The totals for debt outstanding come from a variety of sources. For State and local government securities they are taken from the annual surveys of governmental finances published by the Bureau of the Census, with adjustments to shift fiscal-year totals to a December 31 basis. Borrowings by State and local governments from the Federal Government (series X 338) are removed from the total as a separate form of debt. Totals for corporate bonds outstanding are essentially cumulations of net new issues published by the Securities and Exchange Commission, starting from a base total of bonds outstanding in 1944. Foreign bonds held in the U.S. are from balance of payments statistics and are at market value. Mortgage totals are derived mainly from tabulated reports of institutional lenders, with an allowance included for lender groups not covered by the tabulations. The totals are assembled jointly by the Commerce Department, the Federal Home Loan Bank Board, and the Federal Reserve.

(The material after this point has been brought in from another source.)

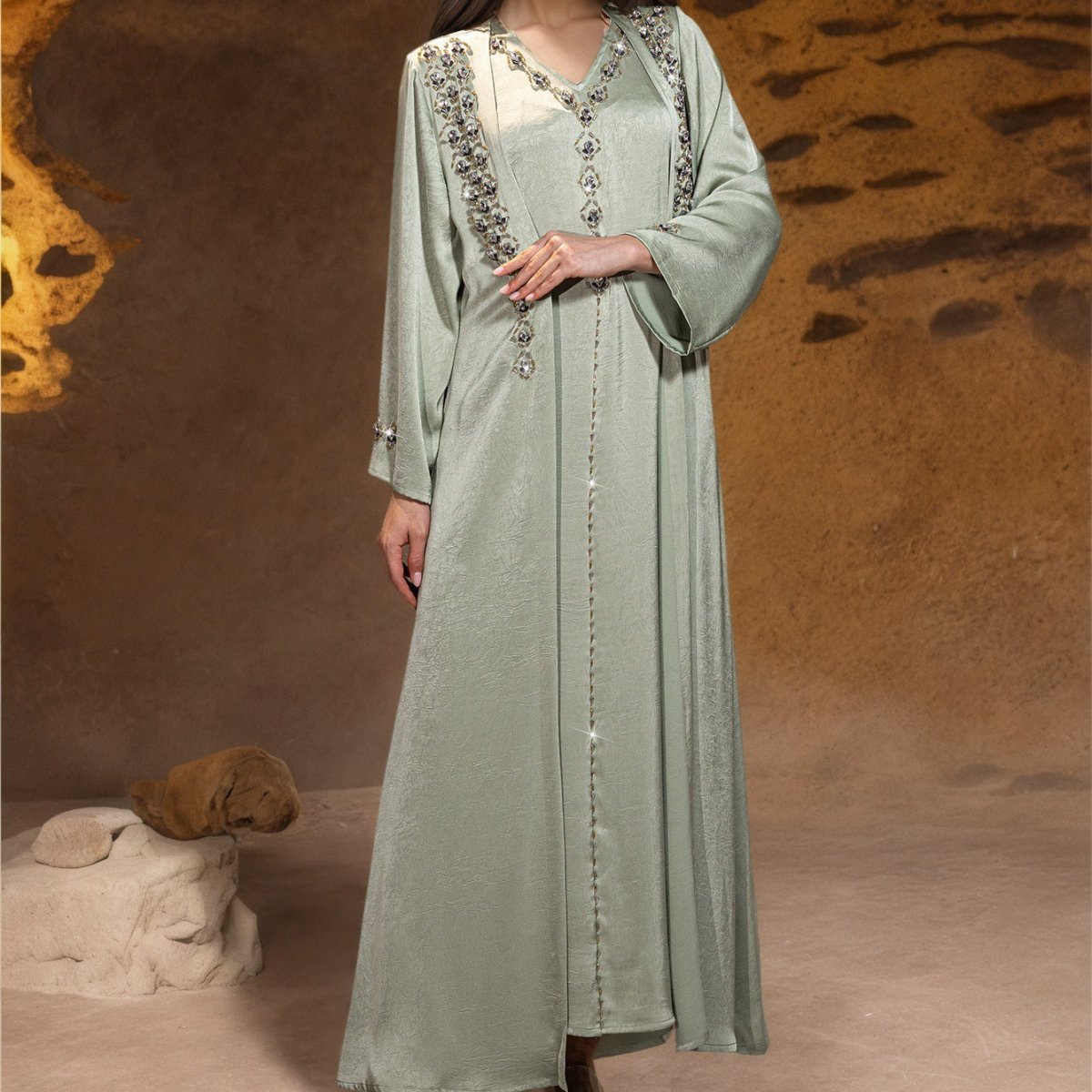 Beaded Two - Piece Abaya Set with Jacket | Embellished Kaftan Gown(MOA269) - Mariam's Collection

Mortgage debt shown for savings and loan associations consists of loans still in process of disbursement. Such loans are included in the associations' assets at their full committed amount. U.S. Govern

ment mortage debt is on residential properties acquired by the Defense Department and Coast Guard. These mortgages appear in the Treasury Ownership Survey in the Treasury Bulletin as “nonsurveyed Government agency securities." They are included in the U.S. Government debt total (series X 2) but not in total Government securities outstanding (series X 293).

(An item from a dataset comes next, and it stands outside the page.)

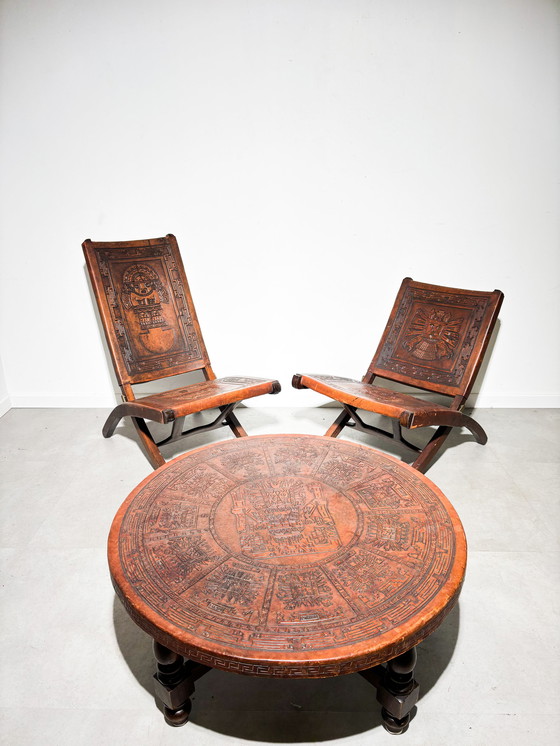 Image 1 of Angel Pazmino Leather Set with relaxchairs and coffeetable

Household mortgage debt is entirely on owner-occupied residences. Nonfarm business mortgages are mainly on multi-family rental residential structures and commercial properties. They include small amounts of single-family debt that represent construction loans to builders.

X 379-392. Summary of corporate equities market, 1945-1970.

Source: Board of Governors of the Federal Reserve System, Flow of Funds Accounts: Financial Assets and Liabilities Outstanding, 1945-1971; Flow of Funds Accounts: Annual Flows, 1946-1971; and unpublished data.

Holdings of corporate shares are shown here at current market values, based mainly on Securities and Exchange Commission (SEC) tabulations for shares listed on stock exchanges. Movements in these values have been much larger relative to net cash transactions than for debt securities shown in preceding series, and for this market the net transactions are shown separately here. Total market values are as calculated at the Federal Reserve for all shares except openend investment companies ("mutual funds"). The investment company total is for members of the Investment Company Institute (ICI). The totals include preferred as well as common shares. Purchases of domestic shares represent net new issues and are from the SEC and ICI. U.S. purchases of foreign shares in series X 392 represent net foreign issues, both new and existing, as shown in balance of payments publications.

For financial institutions most of the market values of holdings and net transactions are regularly reported either to trade associations or to the SEC. As in preceding series, household assets and net transactions are calculated residually. The figures indicate that in the later years shown, net purchases by life insurance companies and pension funds were larger than total new issues, while households received more from sales out of their equity portfolios than they paid for new share purchases. These net sales are shown here as negative net purchases and represent household funds transferred out of equities into other uses.

More Recent Data for Historical Statistics Series

Statistics for more recent years in continuation of many of the still-active series shown here appear in annual issues of the Statistical Abstract of the United States, beginning with the 1975 edition. For direct linkage of the historical series to the tables in the Abstract, see Appendix I in the Abstract.